WHAT IS NEEDED: A word-for-word copy of the records that follow is needed, with every picture omitted.

AVAILABLE RECORDS:

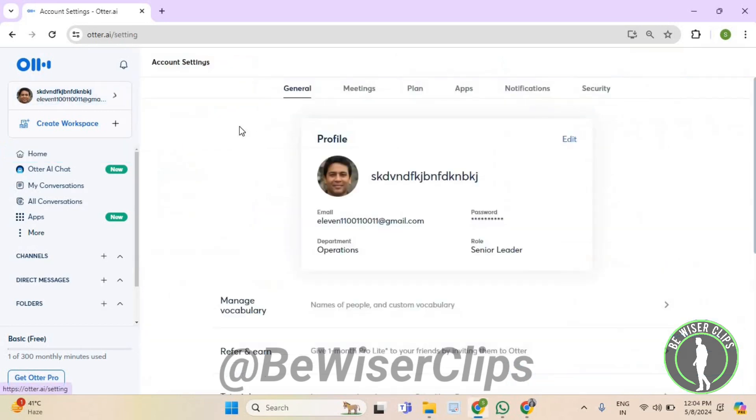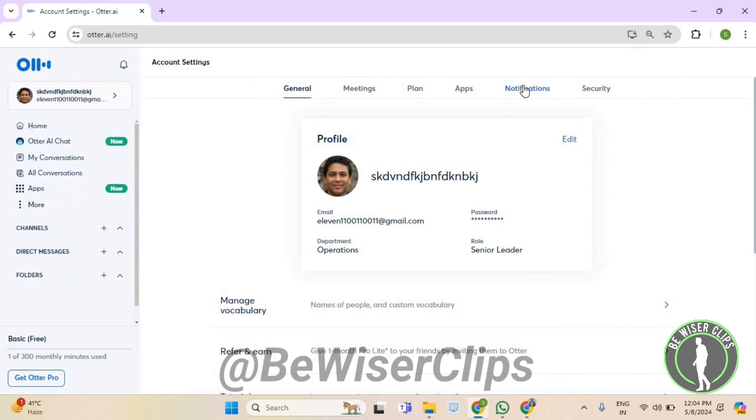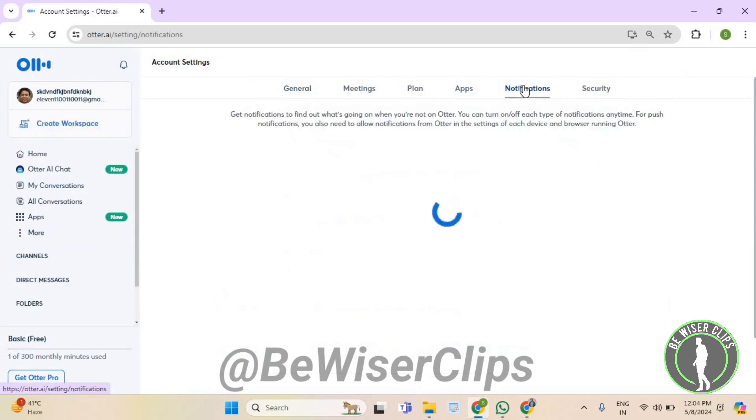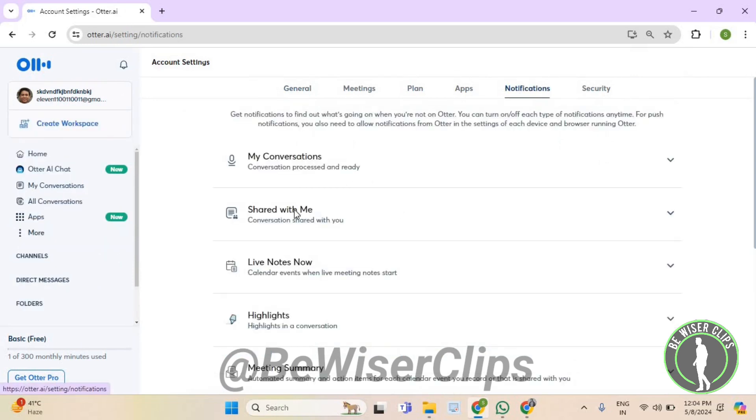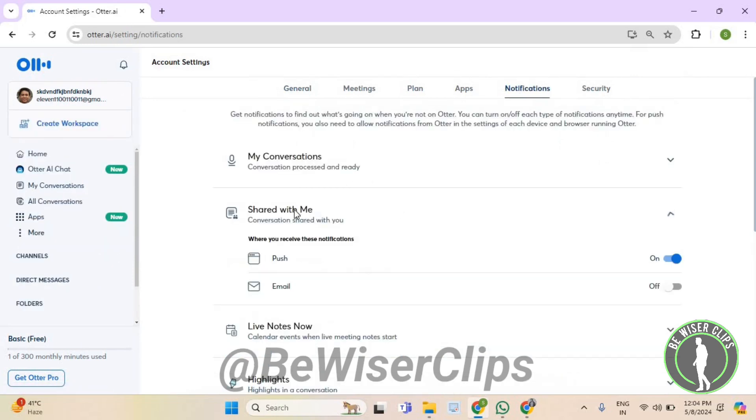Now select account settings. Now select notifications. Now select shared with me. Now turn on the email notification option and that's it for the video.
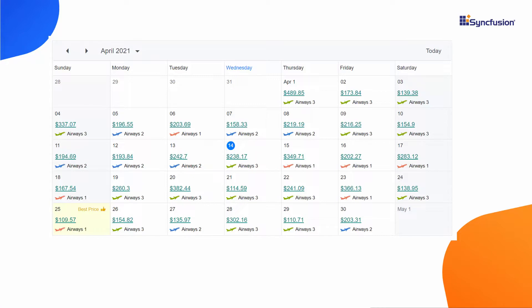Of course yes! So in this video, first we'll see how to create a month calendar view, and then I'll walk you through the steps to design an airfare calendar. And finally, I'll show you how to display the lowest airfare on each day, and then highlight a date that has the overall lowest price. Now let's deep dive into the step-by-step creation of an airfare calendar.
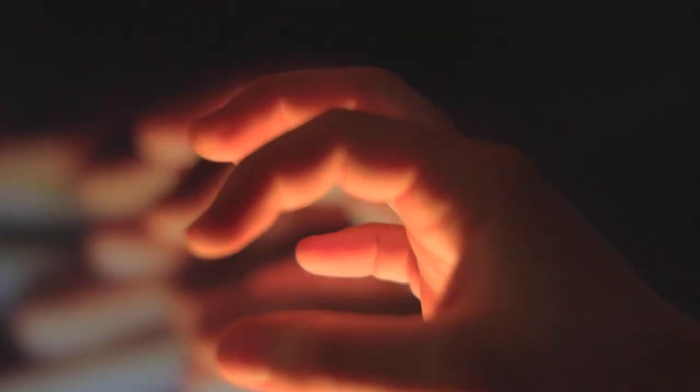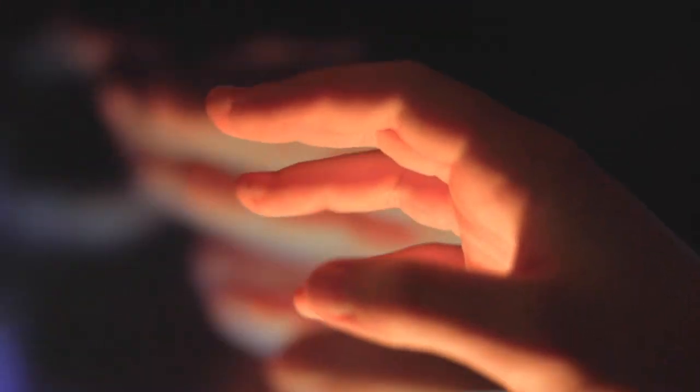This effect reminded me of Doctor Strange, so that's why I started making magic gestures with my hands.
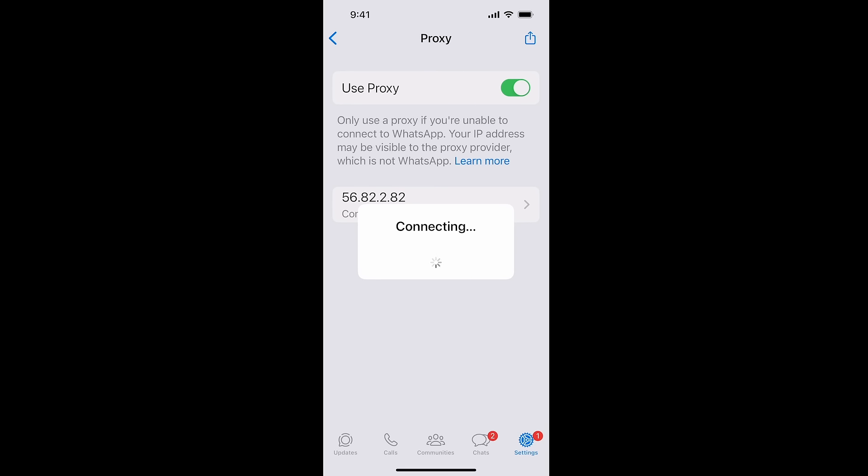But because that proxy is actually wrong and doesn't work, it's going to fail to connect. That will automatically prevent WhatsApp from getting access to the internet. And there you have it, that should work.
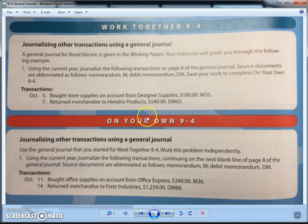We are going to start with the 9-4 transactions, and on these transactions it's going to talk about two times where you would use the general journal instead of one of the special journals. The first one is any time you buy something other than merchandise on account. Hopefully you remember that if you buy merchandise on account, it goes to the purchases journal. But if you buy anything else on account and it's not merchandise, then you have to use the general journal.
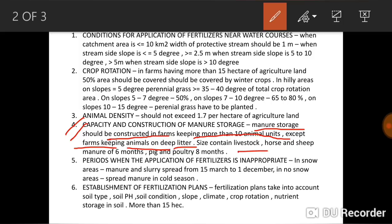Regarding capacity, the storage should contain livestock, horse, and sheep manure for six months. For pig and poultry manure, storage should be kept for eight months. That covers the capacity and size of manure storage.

EXPECTED ANSWER:
Now select account settings. Now select notifications. Now select shared with me. Now turn on the email notification option and that's it for the video.
Of course yes! So in this video, first we'll see how to create a month calendar view, and then I'll walk you through the steps to design an airfare calendar. And finally, I'll show you how to display the lowest airfare on each day, and then highlight a date that has the overall lowest price. Now let's deep dive into the step-by-step creation of an airfare calendar.
This effect reminded me of Doctor Strange, so that's why I started making magic gestures with my hands.
But because that proxy is actually wrong and doesn't work, it's going to fail to connect. That will automatically prevent WhatsApp from getting access to the internet. And there you have it, that should work.
We are going to start with the 9-4 transactions, and on these transactions it's going to talk about two times where you would use the general journal instead of one of the special journals. The first one is any time you buy something other than merchandise on account. Hopefully you remember that if you buy merchandise on account, it goes to the purchases journal. But if you buy anything else on account and it's not merchandise, then you have to use the general journal.
Regarding capacity, the storage should contain livestock, horse, and sheep manure for six months. For pig and poultry manure, storage should be kept for eight months. That covers the capacity and size of manure storage.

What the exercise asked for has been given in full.